# How to complete this task
Output every line below exactly, please, omitting pictures.

# Supplied material
------------------------------------------------------------------------
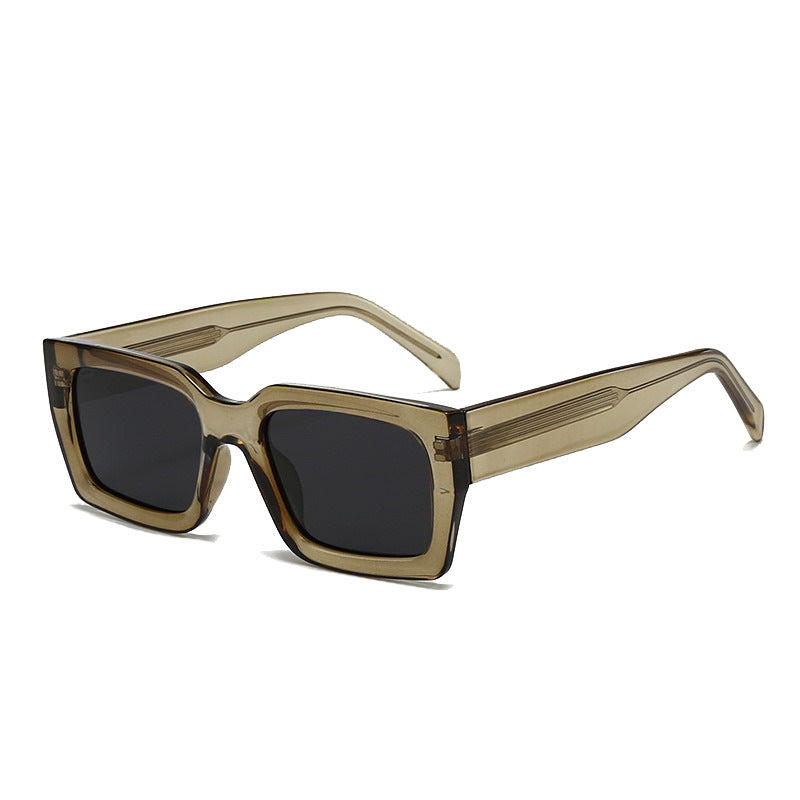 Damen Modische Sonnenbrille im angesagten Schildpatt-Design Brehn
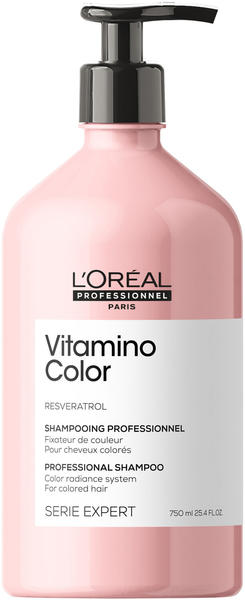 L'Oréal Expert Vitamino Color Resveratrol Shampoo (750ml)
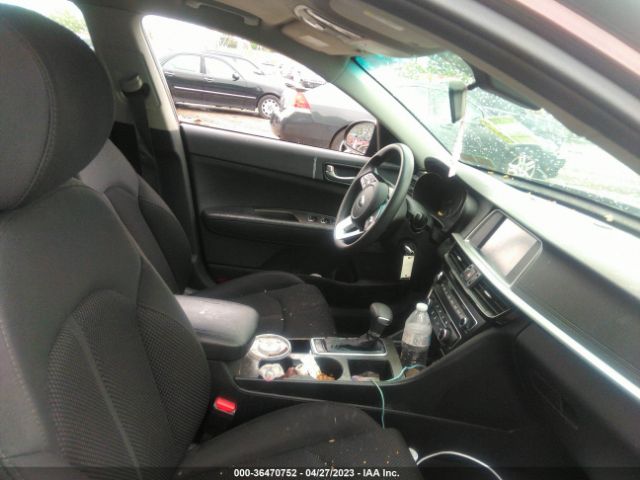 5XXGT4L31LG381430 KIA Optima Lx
------------------------------------------------------------------------
# Response to the task
 Damen Modische Sonnenbrille im angesagten Schildpatt-Design Brehn
 L'Oréal Expert Vitamino Color Resveratrol Shampoo (750ml)
 5XXGT4L31LG381430 KIA Optima Lx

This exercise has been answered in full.